Tom Lane <tgl@sss.pgh.pa.us> writes:
> > On contented case you'll want task switch anyway, so the futex
> > managing should not matter.
>
> No, we DON'T want a task switch. That's the entire point: in a
> multiprocessor, it's a good bet that the spinlock is held by a task
> running on another processor, and doing a task switch will take orders
> of magnitude longer than just spinning until the lock is released.
> You should yield only after spinning long enough to make it a strong
> probability that the spinlock is held by a process that's lost the
> CPU and needs to be rescheduled.
Does the futex code make any attempt to record the CPU of the process grabbing
the lock? Clearly it wouldn't be a guarantee of anything but if it's only used
for short-lived spinlocks while acquiring longer lived locks then maybe?

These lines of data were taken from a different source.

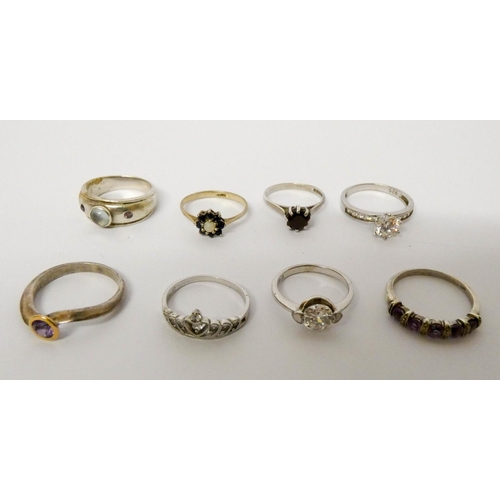 662 - A collection of ladies silver dress rings set various stones.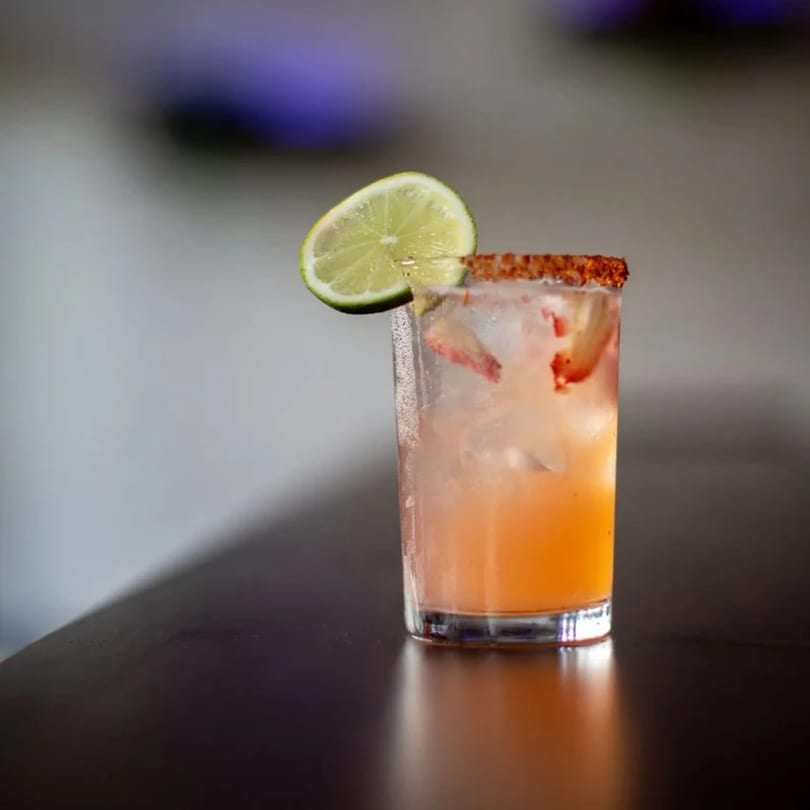 A Highline Park strawberry margarita with a chili-lime rim and a lime wedge on a dark bar.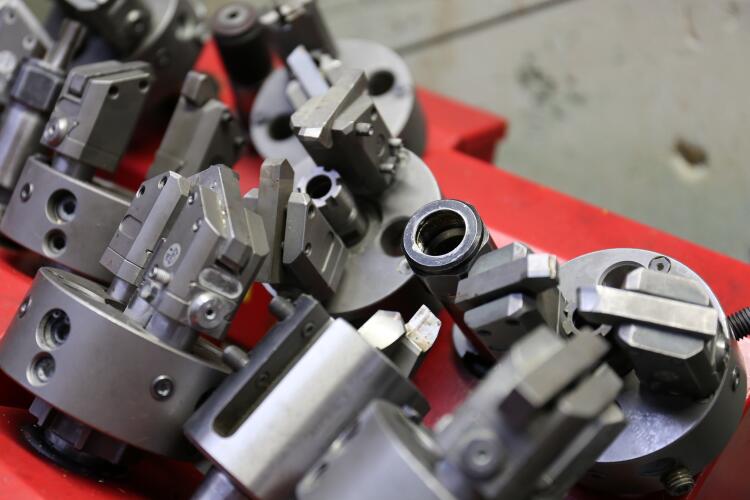 A collection of industrial tool holders and chucks, neatly arranged on a red surface. These precision tools are used in machining operations for securing and manipulating workpieces, highlighting the equipment involved in the Flowflex manufacturing process.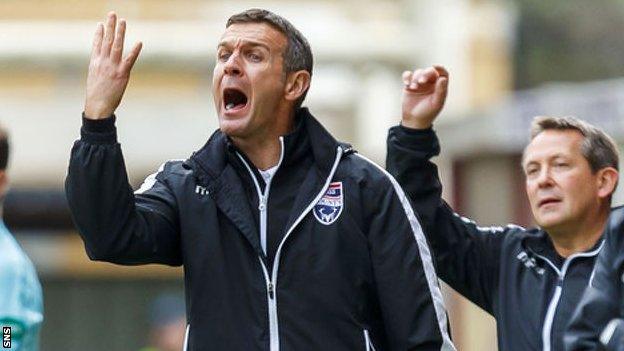 Jim McIntyre makes a point as Ross County manager, as former assistant Billy Dodds looks on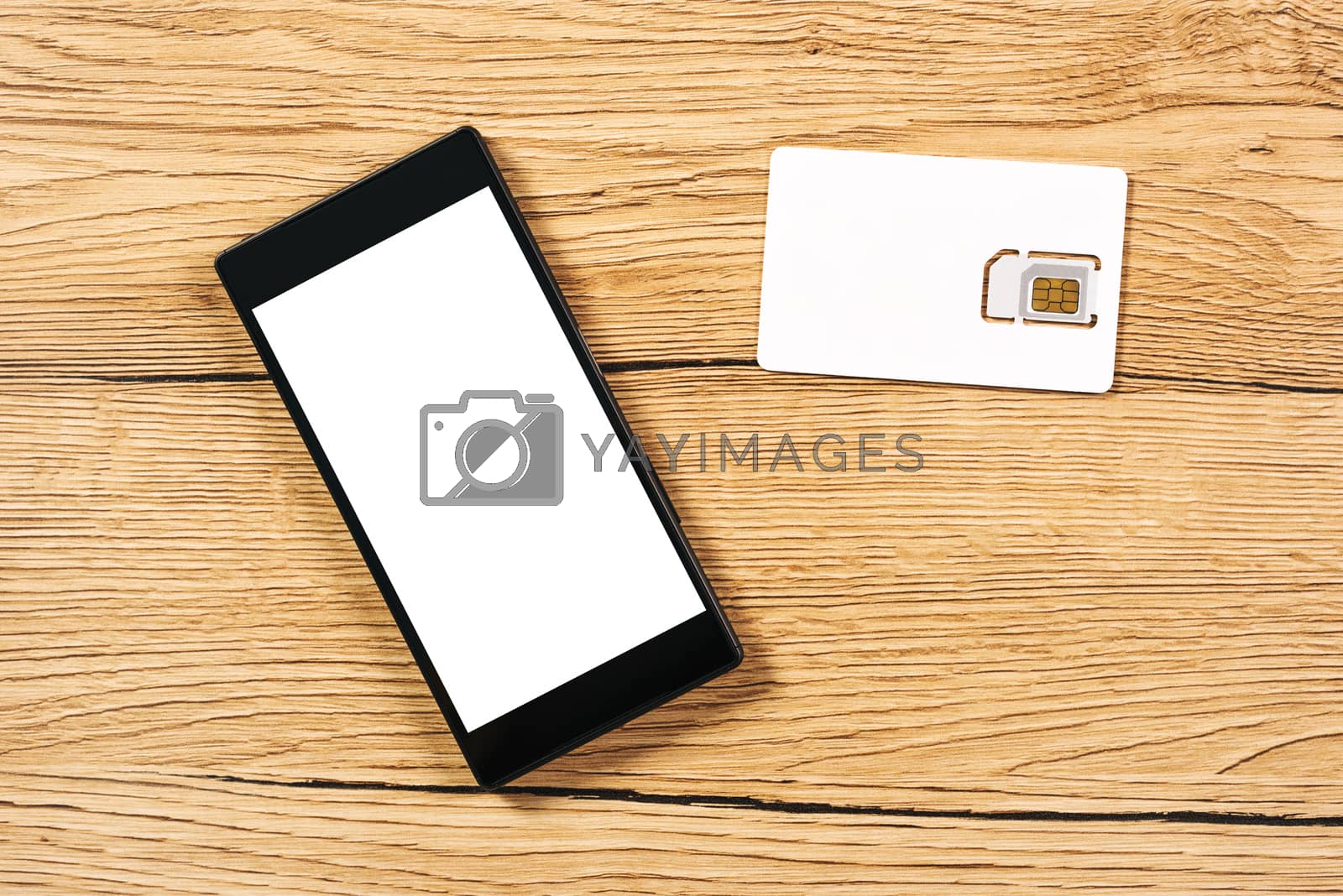 Royalty free image of Smartphone and SIM card on office table, top view by stevanovicigor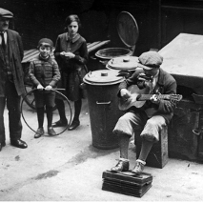 W centrum czarno-białej fotografii jest muzyk z gitarą. Słucha go starszy meżczyna, młoda kobiea i dziecko. Muzyk siedzi obok metalowych kubłów na śmieci.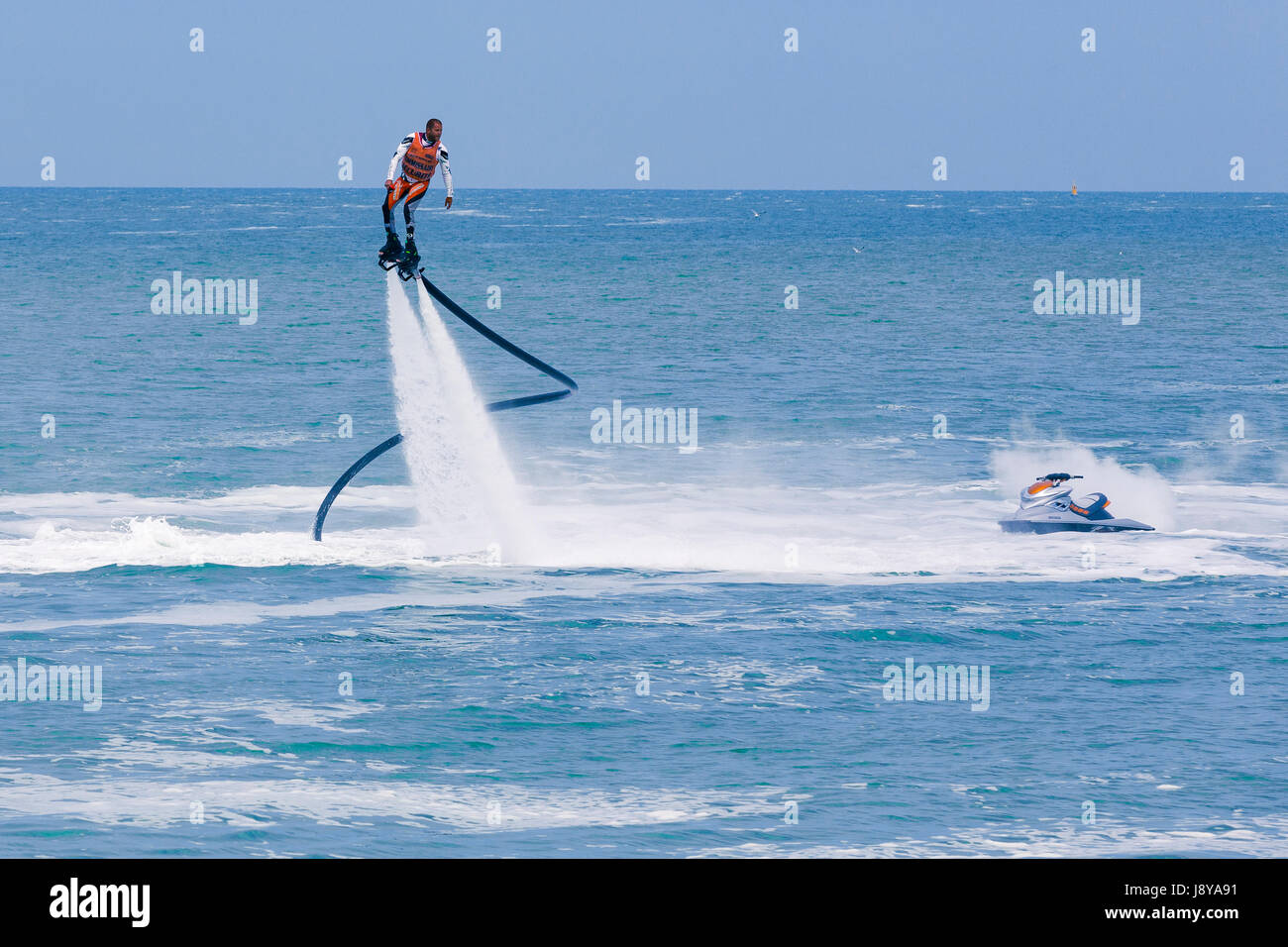 Flyboard Rider Illustrative editorial image. a fly board rider at sea Stock Photo - Alamy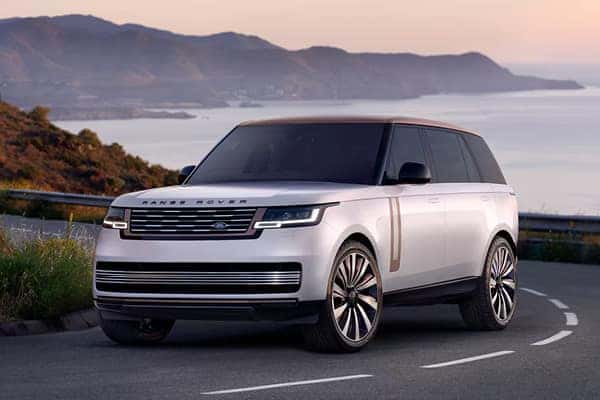 2026 Range Rover in white exterior front three-quarter view on coastal road at sunset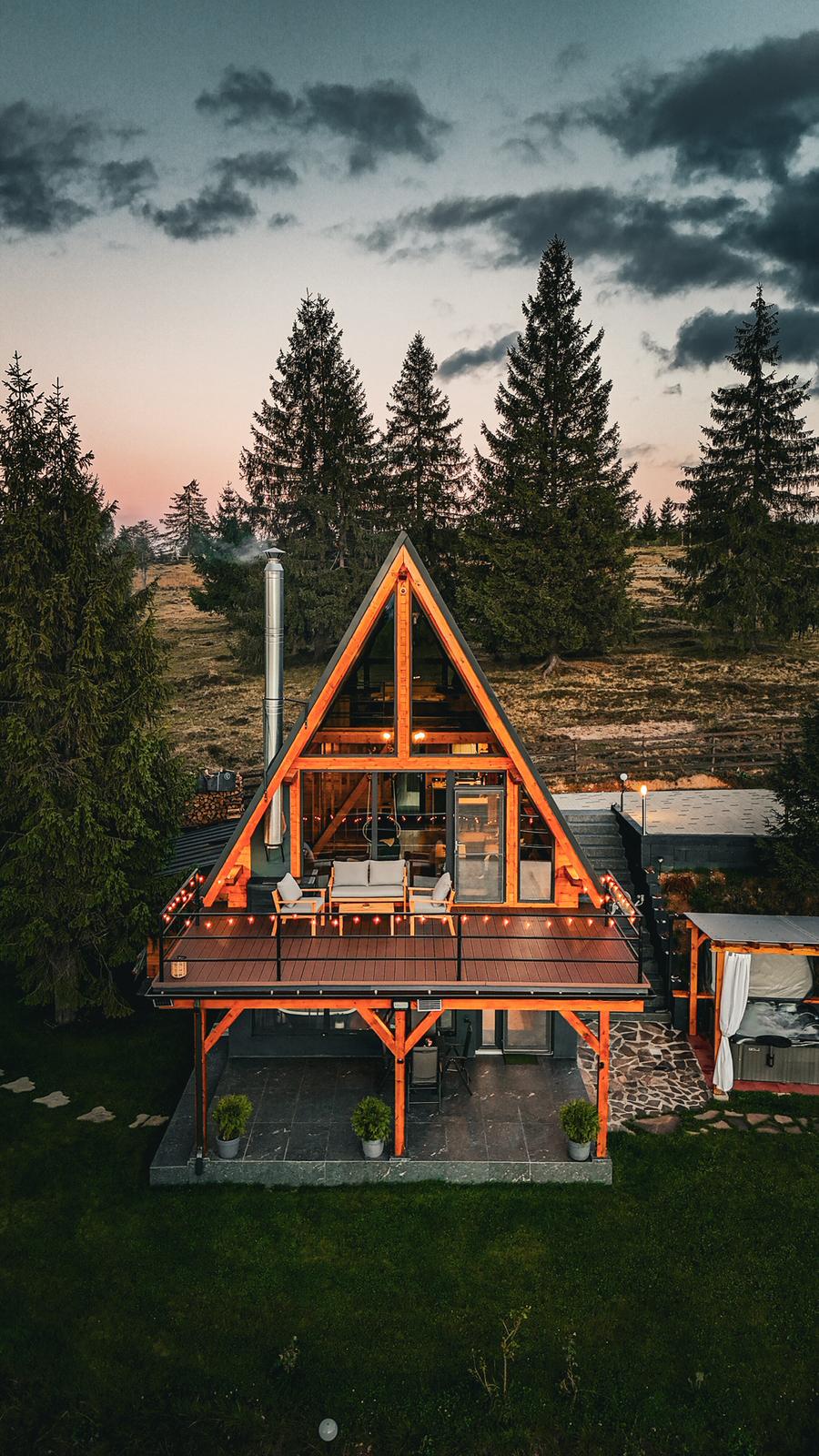 Cabin exterior at sunset with mountain view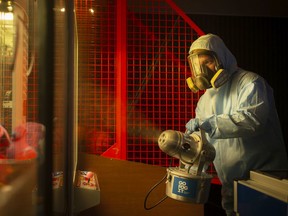 Co-owner, Beau Dubois, uses a disinfectant fogging machine to disinfect Super Bowl bowling alley,  Wednesday, May 27, 2020.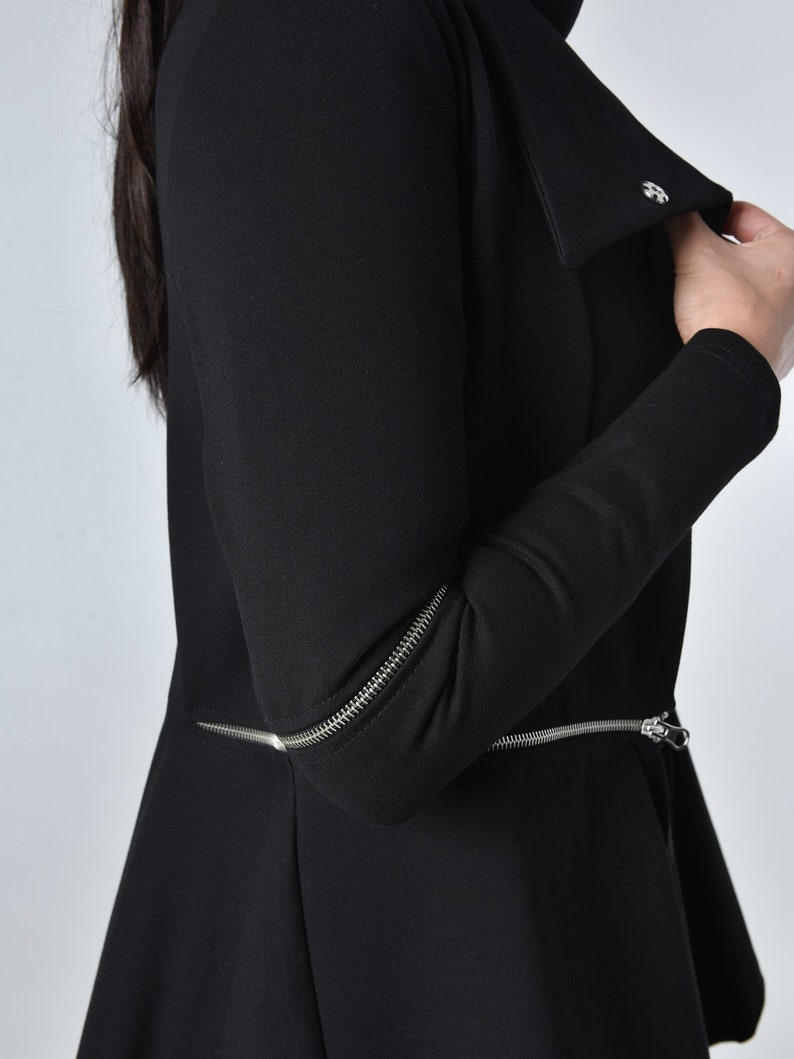 Puede incluir: Chaqueta negra de manga larga con un detalle de cremallera en las mangas y un cuello que se puede llevar subido o bajado.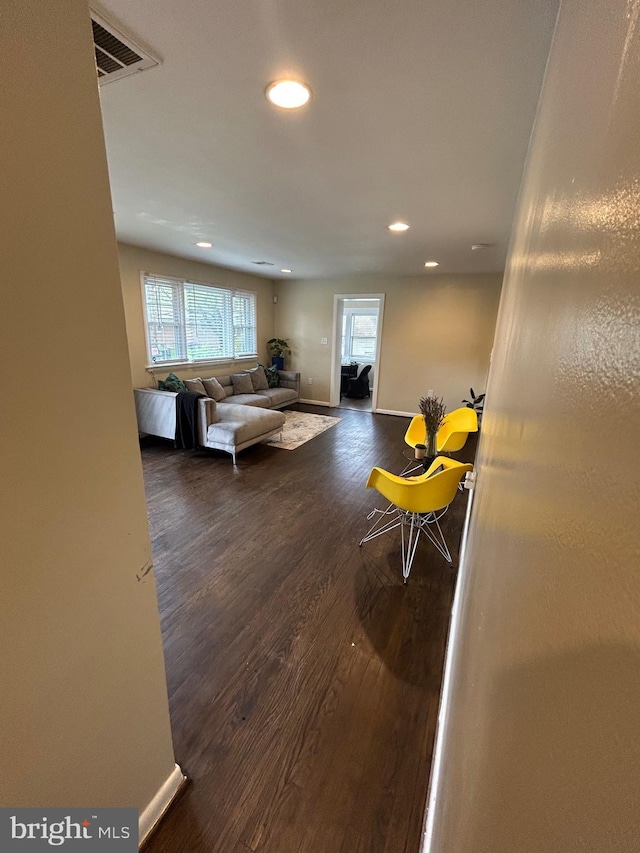 living area featuring visible vents, baseboards, recessed lighting, and wood finished floors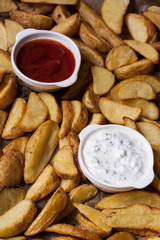 baked finger potatoes with ketchup and yogurt sauce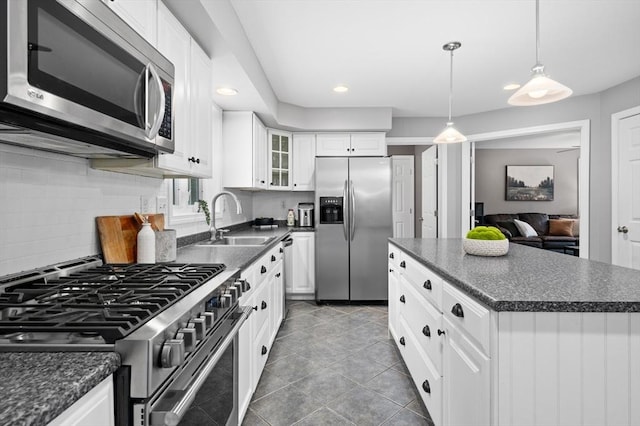 100 Overlook Ter, Dracut, MA 01826 - kitchen with appliances with stainless steel finishes, dark countertops, recessed lighting, and glass insert cabinets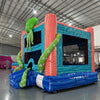 Close-up view of the bounce house entrance of Deep Sea Dive Dual Lane Commercial Inflatable Combo. Shows the blue wave-patterned base, green tentacles with eyes, and part of the orange octopus. The bounce house area is visible with mesh windows and a coral-patterned interior. Set in a warehouse with concrete flooring and other inflatable products in the background, showcasing its commercial use.
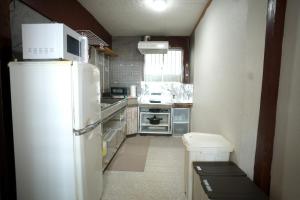 Køkken eller tekøkken på Base 高志保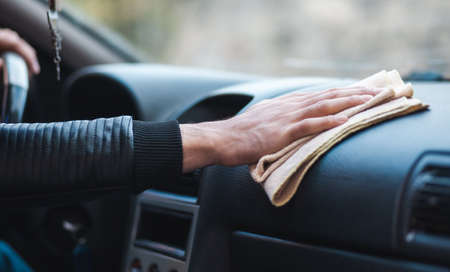 young man clean car in street backgroundの写真素材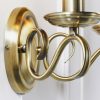 Close up of the Bernice wall light on a plain white wall. The light features two curved arms finished in antique brass, supporting two traditional lampholders on either side. A pull cord switch hangs in the centre.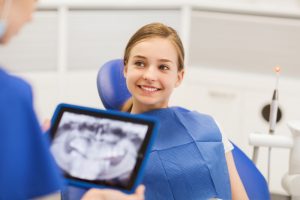 Young woman sitting in orthodontic chair looking at her dental x-rays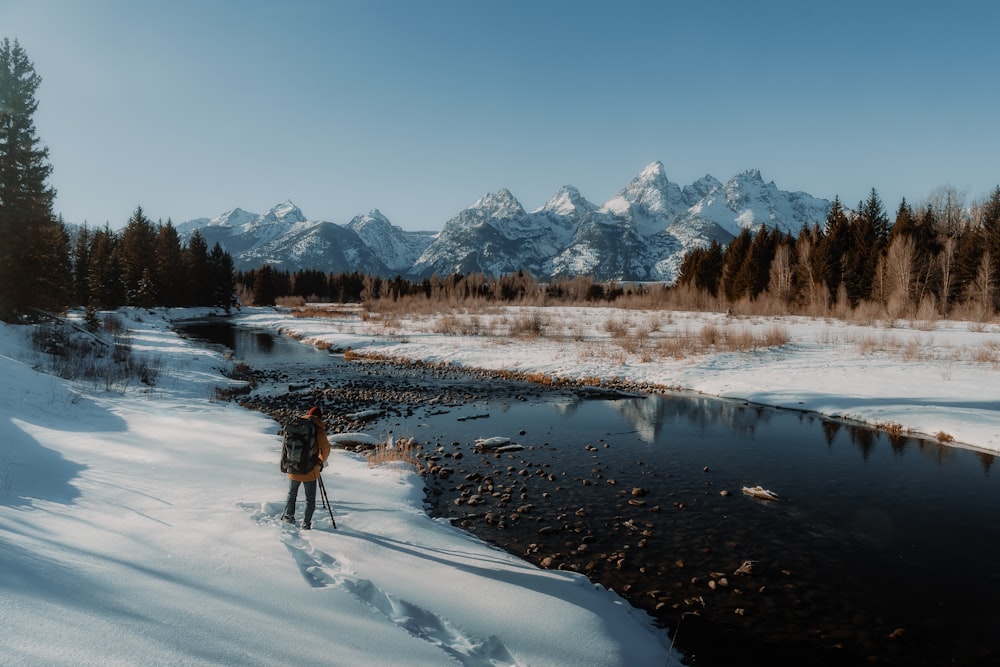 a person standing in the snow near a river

> No; that page still says specifically "So a process calling
> sched_yield() now must wait until all other runnable processes in the
> system have used up their time slices before it will get the processor
> again." I can prove that that is NOT what happens, at least not on
> a multi-CPU Opteron with current FC4 kernel. However, if the newer
> kernels penalize a process calling sched_yield as heavily as this page
> claims, then it's not what we want anyway ...
Well it would be no worse than select or any other random i/o syscall.
It seems to me what you've found is an outright bug in the linux scheduler.
Perhaps posting it to linux-kernel would be worthwhile.
--
greg